Every record, from first to last, should be retyped word for word.

##### DATA SECTION

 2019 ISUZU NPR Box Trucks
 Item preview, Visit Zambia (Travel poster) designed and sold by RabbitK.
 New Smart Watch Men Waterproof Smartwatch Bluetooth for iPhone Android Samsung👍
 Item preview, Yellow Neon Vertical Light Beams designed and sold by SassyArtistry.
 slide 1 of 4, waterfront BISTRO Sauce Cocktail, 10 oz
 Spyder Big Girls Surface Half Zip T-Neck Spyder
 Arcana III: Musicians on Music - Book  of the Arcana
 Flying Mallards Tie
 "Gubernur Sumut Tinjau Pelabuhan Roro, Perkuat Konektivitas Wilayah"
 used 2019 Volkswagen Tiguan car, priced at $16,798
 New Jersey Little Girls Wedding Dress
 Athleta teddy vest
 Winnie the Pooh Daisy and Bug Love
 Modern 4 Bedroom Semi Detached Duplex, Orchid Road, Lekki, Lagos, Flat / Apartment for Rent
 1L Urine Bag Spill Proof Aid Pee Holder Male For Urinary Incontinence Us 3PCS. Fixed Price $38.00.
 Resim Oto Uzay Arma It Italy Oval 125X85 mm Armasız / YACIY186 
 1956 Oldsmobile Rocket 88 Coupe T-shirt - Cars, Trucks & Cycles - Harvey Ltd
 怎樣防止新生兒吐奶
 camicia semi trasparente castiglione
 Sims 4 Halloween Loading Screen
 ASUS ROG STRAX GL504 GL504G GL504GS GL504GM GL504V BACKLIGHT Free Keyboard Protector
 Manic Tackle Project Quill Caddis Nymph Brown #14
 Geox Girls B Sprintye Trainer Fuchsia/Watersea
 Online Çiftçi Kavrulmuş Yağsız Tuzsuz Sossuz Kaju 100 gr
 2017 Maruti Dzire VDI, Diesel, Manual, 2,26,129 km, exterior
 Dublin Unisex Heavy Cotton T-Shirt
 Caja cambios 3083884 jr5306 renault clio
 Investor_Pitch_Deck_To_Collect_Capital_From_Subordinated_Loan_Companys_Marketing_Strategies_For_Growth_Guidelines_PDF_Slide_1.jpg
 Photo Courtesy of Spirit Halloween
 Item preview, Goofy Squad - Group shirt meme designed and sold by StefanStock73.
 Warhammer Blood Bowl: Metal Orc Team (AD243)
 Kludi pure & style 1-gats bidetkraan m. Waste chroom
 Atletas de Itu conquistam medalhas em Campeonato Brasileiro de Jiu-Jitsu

##########

**RESULT**
 2019 ISUZU NPR Box Trucks
 Item preview, Visit Zambia (Travel poster) designed and sold by RabbitK.
 New Smart Watch Men Waterproof Smartwatch Bluetooth for iPhone Android Samsung👍
 Item preview, Yellow Neon Vertical Light Beams designed and sold by SassyArtistry.
 slide 1 of 4, waterfront BISTRO Sauce Cocktail, 10 oz
 Spyder Big Girls Surface Half Zip T-Neck Spyder
 Arcana III: Musicians on Music - Book  of the Arcana
 Flying Mallards Tie
 "Gubernur Sumut Tinjau Pelabuhan Roro, Perkuat Konektivitas Wilayah"
 used 2019 Volkswagen Tiguan car, priced at $16,798
 New Jersey Little Girls Wedding Dress
 Athleta teddy vest
 Winnie the Pooh Daisy and Bug Love
 Modern 4 Bedroom Semi Detached Duplex, Orchid Road, Lekki, Lagos, Flat / Apartment for Rent
 1L Urine Bag Spill Proof Aid Pee Holder Male For Urinary Incontinence Us 3PCS. Fixed Price $38.00.
 Resim Oto Uzay Arma It Italy Oval 125X85 mm Armasız / YACIY186 
 1956 Oldsmobile Rocket 88 Coupe T-shirt - Cars, Trucks & Cycles - Harvey Ltd
 怎樣防止新生兒吐奶
 camicia semi trasparente castiglione
 Sims 4 Halloween Loading Screen
 ASUS ROG STRAX GL504 GL504G GL504GS GL504GM GL504V BACKLIGHT Free Keyboard Protector
 Manic Tackle Project Quill Caddis Nymph Brown #14
 Geox Girls B Sprintye Trainer Fuchsia/Watersea
 Online Çiftçi Kavrulmuş Yağsız Tuzsuz Sossuz Kaju 100 gr
 2017 Maruti Dzire VDI, Diesel, Manual, 2,26,129 km, exterior
 Dublin Unisex Heavy Cotton T-Shirt
 Caja cambios 3083884 jr5306 renault clio
 Investor_Pitch_Deck_To_Collect_Capital_From_Subordinated_Loan_Companys_Marketing_Strategies_For_Growth_Guidelines_PDF_Slide_1.jpg
 Photo Courtesy of Spirit Halloween
 Item preview, Goofy Squad - Group shirt meme designed and sold by StefanStock73.
 Warhammer Blood Bowl: Metal Orc Team (AD243)
 Kludi pure & style 1-gats bidetkraan m. Waste chroom
 Atletas de Itu conquistam medalhas em Campeonato Brasileiro de Jiu-Jitsu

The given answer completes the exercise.